Klare Hinweise in Richtung Demokratischer Partei
Damit geben die US-Bischöfe einen klaren Hinweis in Richtung Demokratischer Partei: Zum wiederholten Mal stellen sie klar, dass ein Kandidat, der etwa für ein liberales Abtreibungsrecht eintritt, für Katholiken nur eingeschränkt wählbar ist. Die Demokraten fordern jedoch in ihrem Wahlprogramm einen allgemeinen, legalen Zugang für Frauen zu Abtreibungen. Deutlich wendet die Partei sich zudem gegen die massive Kritik an der Abtreibungsorganisation "Planned Parenthood", welche auch von katholischen Bischöfen geteilt wurde und wird. Das umfassende Gleichstellungsprogramm für homo- und transsexuelle Personen gehört zu den weiteren Positionen der Demokraten, die bei der Kirche auf moralische Bedenken stoßen. Ein Satz im entsprechenden Abschnitt des Wahlprogramms dürfte für weitere Spannungen sorgen: "Wir unterstützen eine fortschrittliche Vorstellung von Religionsfreiheit, die Pluralismus respektiert und den Missbrauch der Religion zur Diskriminierung zurückweist."

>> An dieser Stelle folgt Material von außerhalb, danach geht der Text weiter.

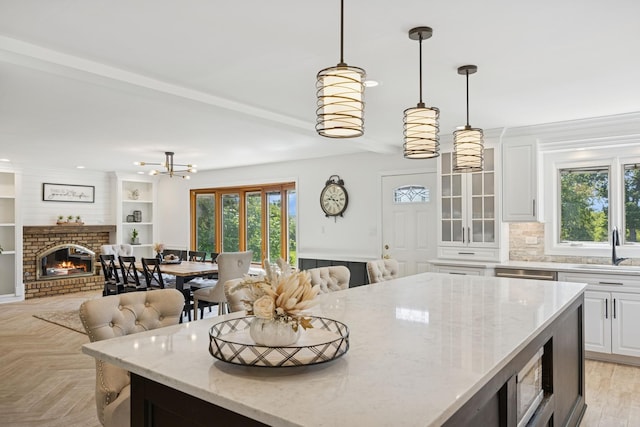 9N909 Koshare Trl, Elgin, IL 60124 - kitchen with open floor plan, white cabinets, decorative backsplash, light stone countertops, and pendant lighting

Der demokratische Kandidat für das Amt des Vizepräsidenten, Tim Kaine, dürfte die inneren Widersprüche vieler US-Katholiken vor der Wahl kennen. Zu verschiedenen politischen Fragen - etwa Abtreibung und Todesstrafe - beteuerte der Katholik in der Vergangenheit, als Privatmann zur Lehre der Kirche zu stehen. Dennoch stimmt er in offizieller Funktion als US-Senator seit 2013 regelmäßig im Sinne einer liberalen Abtreibungspolitik ab, in vier Jahren als Gouverneur von Virginia ließ er elf Hinrichtungen Strafgefangener zu. Ob Kaine damit als katholischer Anziehungspunkt auf dem demokratischen Ticket taugt, bleibt abzuwarten. Sein ebenfalls katholischer Vorgänger Joe Biden musste als Abtreibungsbefürworter ebenso viel Kritik aus der eigenen Kirche einstecken, wie John Kerry, der demokratische Gegenkandidat von George W. Bush im Jahr 2004.